Sound In Stone: Day 0

Sunday 26th February 2023

Day Zero has arrived. A fresh start or perhaps a new cycle in a waveform? Over the next ten days, we anticipate our final voyage to the Murgia region as we conclude our research on extraction, and our excitement for this return is palpable on the airplane. We don’t like to fly, not only for the damage it does to the collective body of the earth, but for the strange disconnection to time and space that occurs. It will be by far the greatest distance we will travel in these ten days, yet we barely register it. It’s like changing channels. Cold wastelands of Berlin. -Flick-. Green, largely treeless pastures of the Murgia, which was so arid the last times we visited.

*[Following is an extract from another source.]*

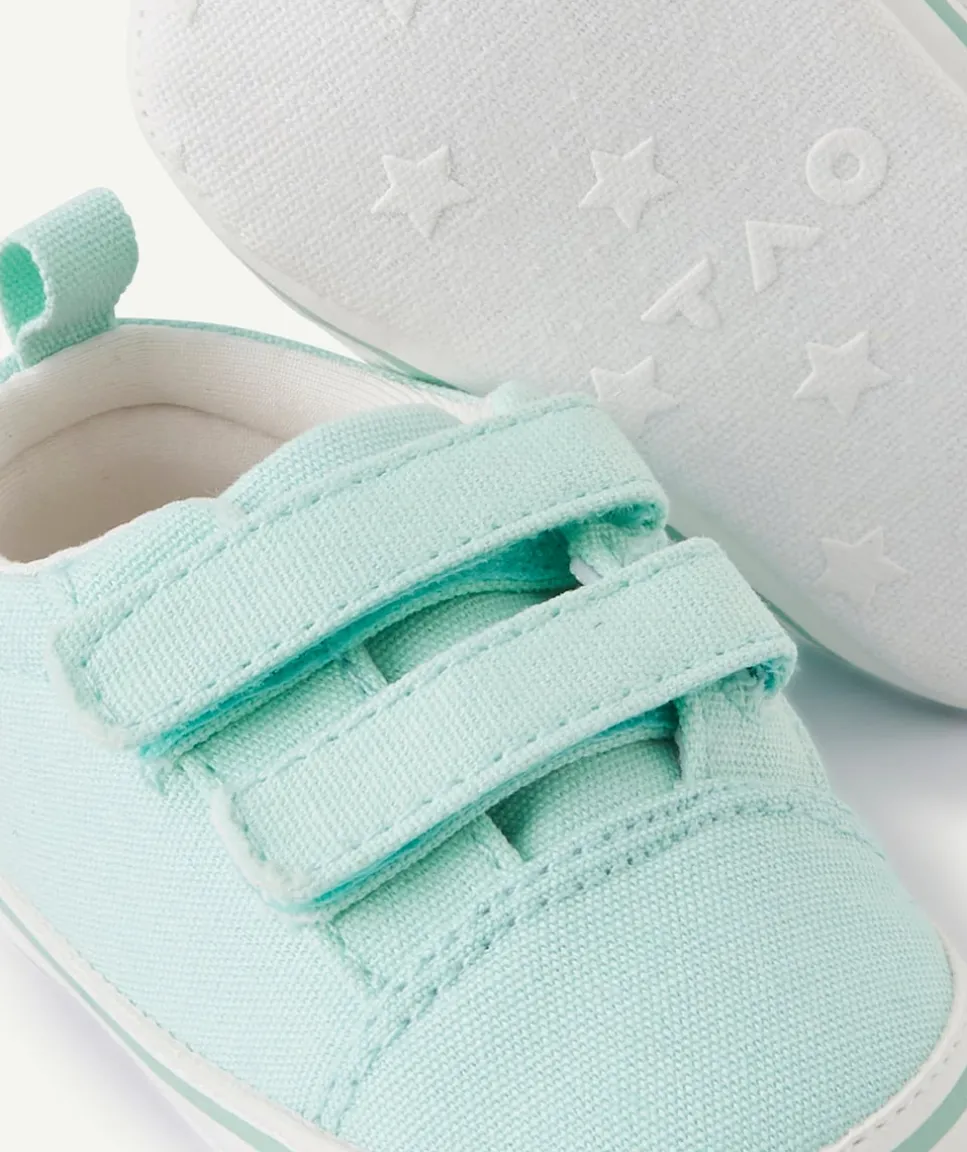 Chausson menthe style baskets à scratchs bébé fille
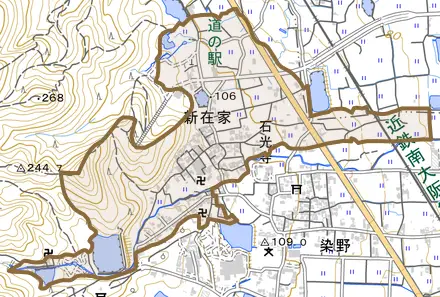 新在家とその周辺の地図。町の範囲を重ねている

Lithophone from Vito Maiullari

On this particular journey, our focus will be on the resonant and sonic potential of stones. We want to explore a series of geological rock formations and make a series of field recordings of the stones themselves. We want to learn to make musical instruments from stones, and discern the intersections of the communities who have built ancient relationships with the rock. With these sonic ‘imprints’, we intend to create audio/visual artworks and physical/performative interventions. In addition to illustrating the musical universes that can be created from stone, the a/v works will explore the relationship of the human self to time; in particular the ways in which the seemingly linear passage of time creates tension with lived human realities.

We are also interested in the sentient nature of stone, the way it “moves” and “speaks,” a fascination that was inspired by a visit years earlier to the studio of artist Vito Maiullari. Surrounded by his lithophones, chimes and girating sculptures, Vito broke a stone in half and asked us to lick the powder inside. He said, “You have just tasted 4 million years; you have tasted time”.

Dimora Cagnazzi, a residency space in Alta Mura

And we want to taste it again.

We arrive in Naples in the late evening, and after a little trouble at the car rental we get on the road after 10pm. We drive through the night, stopping for dinner and again for supper, arriving close to 4.00 at the old manor house which was now a kind of community center and residency space called Dimora Cagnazzi.

There is some misunderstanding about our arrival, but after waiting for about twenty minutes by a locked gate, our old friend Donato Laborante, arrives and allows us in. Even at this cruel midnight hour, Antonio, a very kind worker who maintains the house, takes the time to light a fire for us in a fireplace carved into the wall, made, of course, from stone.